M. Villemain a peut-être pris trop au sérieux le respect de Byron pour le génie de Pope et sa correspondance avec Murray sur Bowles. Esprit lucide et pénétrant, écrivain d’une rare élégance, habile à traiter les plus hautes questions de la philosophie dans une langue harmonieuse, Pope n’a pas connu l’inspiration poétique. Quand Byron parlait du génie de Pope, il ne livrait pas le fond de sa pensée. Le poète qui a écrit le Pèlerinage d’Harold et Don Juan ne pouvait saluer comme un génie l’auteur de l’Essai sur l’homme.
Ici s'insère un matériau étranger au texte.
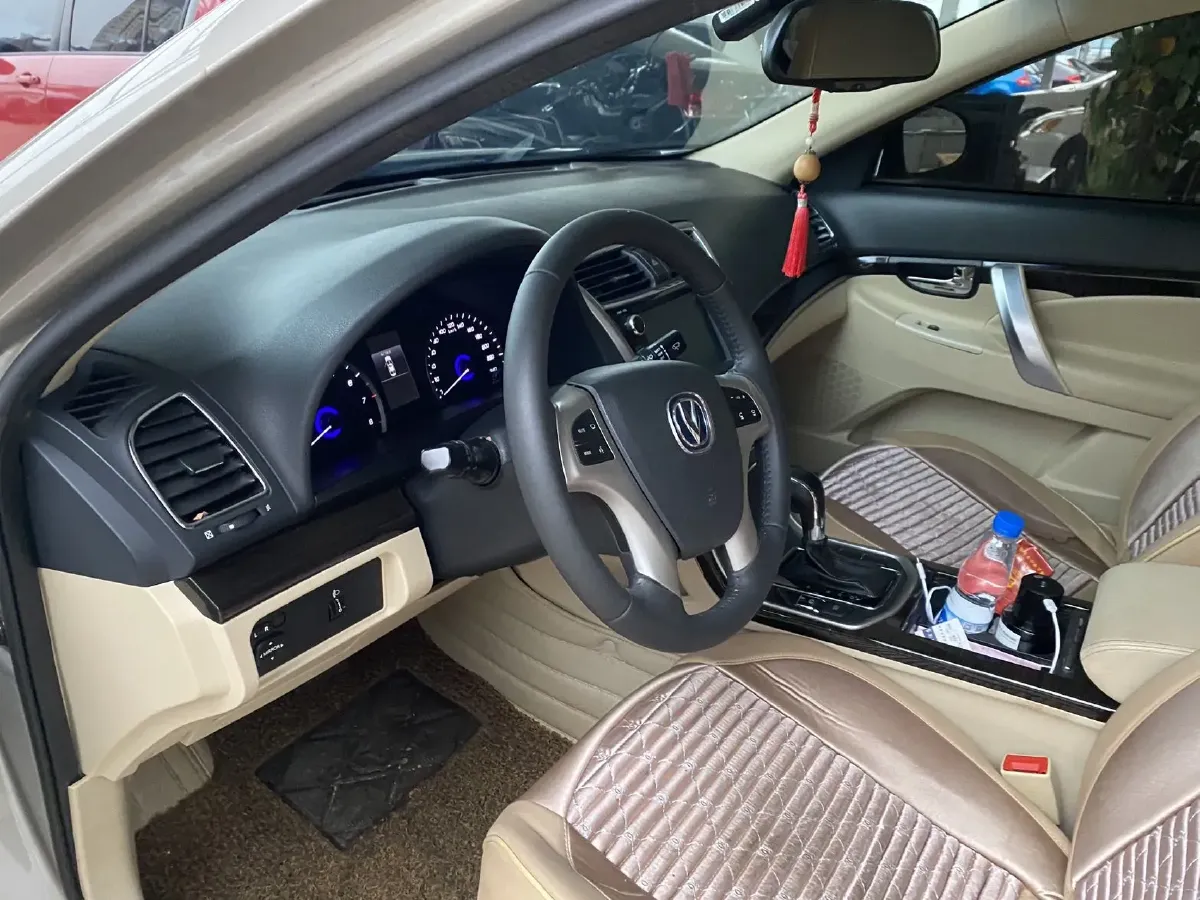 2016 ChangAn Raeton 1.8T 177HP L4 6AT,autocango,china used car exporter,china ev exporter,chinese used car exporter,chinese used ev exporter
Les louanges qu’il prodiguait à l’ami de Bolingbroke n’étaient qu’une ruse de guerre, une manière ingénieuse de dérouter ses ennemis littéraires. Ce n’est pas la première fois que les novateurs se rangent parmi les partisans les plus dévoués de la tradition. Byron devait admirer chez Pope la correction et la pureté du style, et lui demander plus d’un conseil ; mais je ne crois pas qu’il soit sincère en exaltant son génie.

Quant à l’école des lacs, M. Villemain me parait la juger trop sévèrement. Je ne parle pas de Southey, qui était plutôt un versificateur qu’un poète ; mais il y a dans Coleridge et dans Wordsworth plus d’une page que Byron lui-même n’eût pas désavouée. Si l’Excursion et Christabel ne sont pas des œuvres accomplies, elles sont animées d’un sentiment vraiment poétique, et la ballade du Vieux Matelot est un des récits les plus émouvans de la littérature moderne. Si parfois, chez Coleridge et chez Wordsworth, la naïveté dégénère en puérilité, ce défaut, que je n’entends pas contester, est racheté par des beautés de premier ordre. On peut affirmer qu’ils n’ont obtenu ni en Angleterre ni en Europe la renommée qu’ils méritent. Je regrette que M. Villemain ne leur ait pas assigné le rang qui leur appartient. Cette erreur n’enlève rien à la valeur générale de son étude sur Byron ; mais il est utile de la signaler, parce qu’elle pourrait s’accréditer : l’autorité légitime de son nom pourrait la faire accepter comme une vérité irrécusable, comme une affirmation démontrée sans retour ; l’injustice involontaire d’un esprit éclairé est un danger pour la foule.